Introduction to Network Analysis with NetworkX

by Georgy Lazarev (mlcourse slack: jorgy)

Systems are ubiquitous these days in various fields of science, industry and daily-life situations. Majority of them (to name few, social interactions, telephone and transport networks) can be represented as networks or graphs (sets of nodes and edges where nodes characterize certain objects and edges indicate some kind of connection between them) and therefore are suitable for analysis.

We might want to analyze relationships between participants or actor in those systems to get some valuable insights:

  • Which nodes are more important (influencers in network)
  • Pathfinding – determining shortest paths between certain nodes
  • Structure - finding cliques, community detection (we'll discuss those terms later)

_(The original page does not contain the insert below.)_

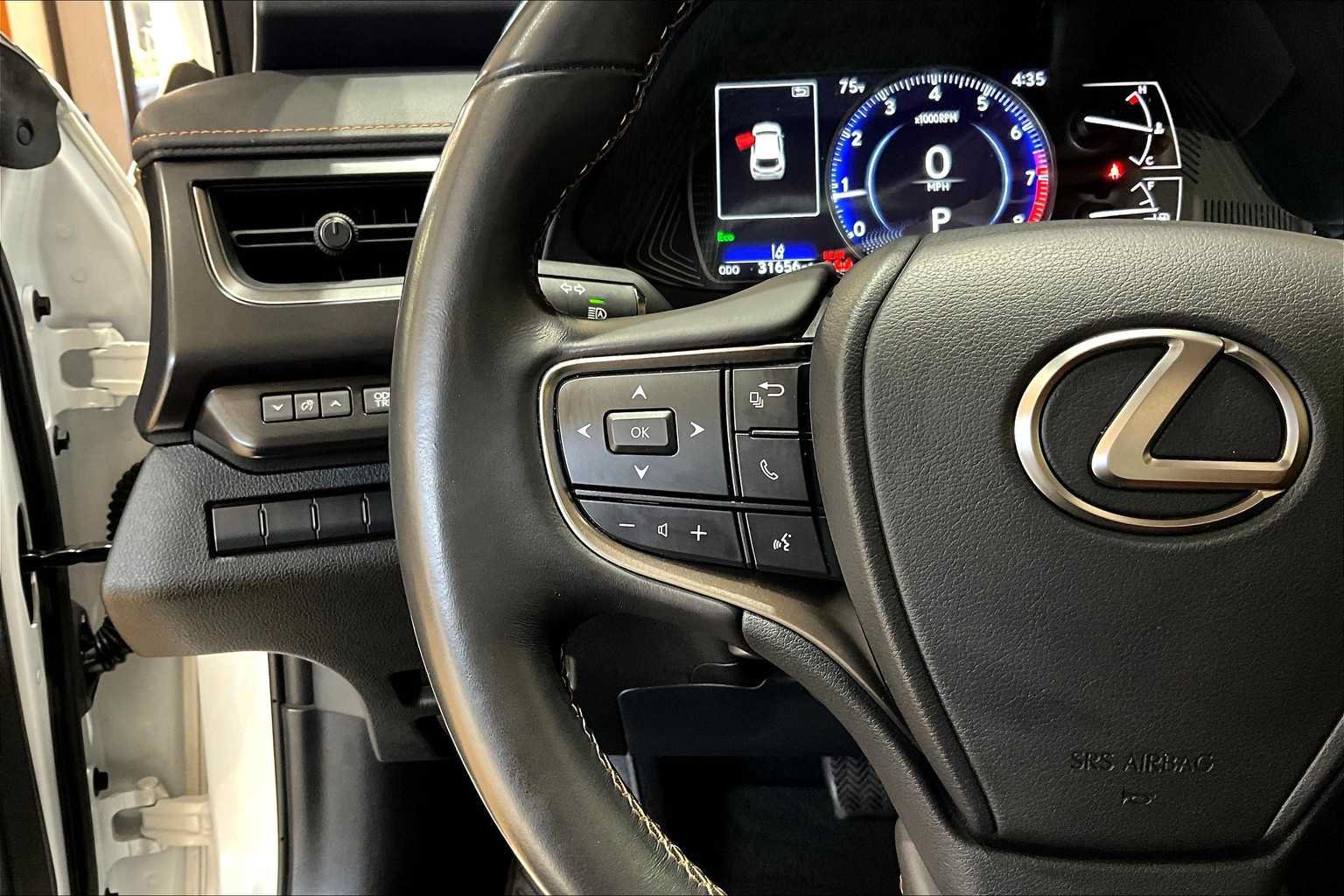 Used 2022 Lexus UX 200 w/ Accessory Package (Z1) FWD image 22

In this tutorial I'll introduce you to the NetworkX - Python package for 'the creation, manipulation, and study of the structure, dynamics, and functions of complex networks'. Important properties pointed out by developers:

  • provides an interface to existing numerical algorithms and code written in C, C++, and FORTRAN, thus resulting in promising speed perfomance
  • the ability to painlessly work with large nonstandard data sets.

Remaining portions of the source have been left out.